O Bahrein é uma pequena ilha no Golfo Pérsico, sendo o terceiro menor território do continente asiático. Tendo um dos melhores IDH (Índice de Desenvolvimento Humano) da região graças a exploração do petróleo, o país é uma monarquia constitucional de maioria sunita. A família real Al Khalifa está no comando do emirado desde o século XVIII, e atualmente tem no emir Hamad bin Isa Al-Khalifa o seu líder máximo, no cargo desde 20002.
Embora tenha realizado reformas políticas importantes no reino, como a concessão dos votos à mulheres, o emirado é constantemente alvo de denúncias por parte de entidades defensoras dos direitos humanos. De acordo com a Freedom House, o governo sunita eliminou direitos políticos, persegue opositores e reprime dissidentes, especialmente os de origem xiita, minoria no país, de cerca de 1 milhão de habitantes.
Recentemente, Hamad Al Khalifa articulou a dissolução do Al Weqaf, principal grupo de oposição e retirou a cidadania de Isa Qassim, principal líder xiita do país, além de realizar julgamentos de civis em tribunais militares e perseguir ativistas dos direitos humanos. Um dos casos mais destacados é o de Nabeel Rajab, condenado a 5 anos de prisão em 2018 por publicar tweets em que criticava a atuação no Iêmen da coligação liderada pela Arábia Saudita e também a tortura de prisioneiros no Bahrein.
Como em toda monarquia, o governo possui seus tentáculos em todas as áreas da sociedade. No futebol, não seria diferente, e a entidade que rege o futebol local também tem em suas lideranças membros da família real. E é aqui que a história de Hakeem Al-Araibi começa. Jogador de futebol, Hakeem, hoje com 25 anos, participou dos movimentos populares realizados em 2011 (em decorrência da Primavera Árabe) e fortemente reprimidos pelo governo local. Diversos atletas participaram destas ações e foram perseguidos, de acordo com Hakeem. Preso e torturado, foi condenado em 2014 por um suposto vandalismo contra um posto policial.
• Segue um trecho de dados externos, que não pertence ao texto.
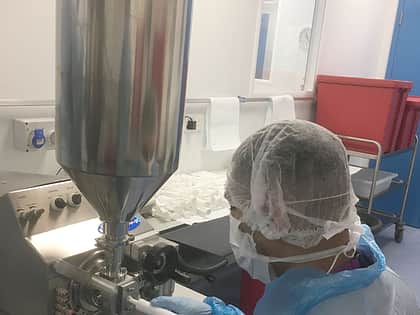 a person with a blue protective overcoat, a hairnet and face mask sits in front of a Response Benchtop filler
Hakeem conseguiu fugir para a Austrália, onde recebeu asilo político e foi a público para acusar a federação de não proteger os atletas do país barenita. Acusou nominalmente o sheik Salman Al Khalifa, atual presidente da Confederação Asiática de Futebol e antigo mandatário do futebol do Bahrein. Na Oceania, voltou a praticar o futebol e passou por algumas equipes regionais: Green Gully, Goulburn Valley Suns, Preston Lions e Pascoe Vale. Em novembro de 2018, Hakeem e sua esposa decidiram fazer uma viagem para a Tailândia. Porém, ao chegar no país do sudeste asiático, Hakeem foi detido pela Interpol, que aceitou um pedido do governo do Bahrein, ainda que o atleta fosse um refugiado político, contrariando o regulamento da própria polícia internacional. Vale notar que a Tailândia, apesar de um país étnico e culturalmente bem diferente do Bahrein, possui o mesmo regime político e há constantes interações diplomáticas e econômicas entre as duas nações.
Não por acaso, a Tailândia é pivô em outro caso similar. Rahaf Mohammed al-Qunun, uma garota de apenas 18 anos, foi detida no país após fugir da Arábia Saudita com destino para a mesma Austrália em que Hakeem buscou refúgio. Rahaf fugiu de sua família quando estavam em viagem para o Kuwait. Ela teme ser morta por ter renunciado ao Islã. A pena de morte é uma das punições previstas na Sharia, a lei islâmica.
Da prisão, Hakeem se pronunciou ao The Guardian. “Eu sou um refugiado na Austrália. Eu estou com medo do governo do Bahrein. Eles vão me matar. Eu não sei o que vai acontecer aqui. Minha vida vai acabar se eu for para o Bahrein”. A FIFA, através de sua secretária geral Fatma Samoura, encaminhou um comunicado ao primeiro-ministro tailandês em defesa do jogador. Embora a situação de Hakeem seja delicada, e o temor seja evidente, há expectativa de que o caso do jogador possa ter um final similar ao de Rahaf, que deve conseguir em breve asilo no Canadá. Enquanto isso, Hakeem sofre com sua condição. “Nós viemos para a Tailândia para passar algumas semanas de felicidade, mas me arrependo agora. Gostaria de nunca ter deixado a Austrália”.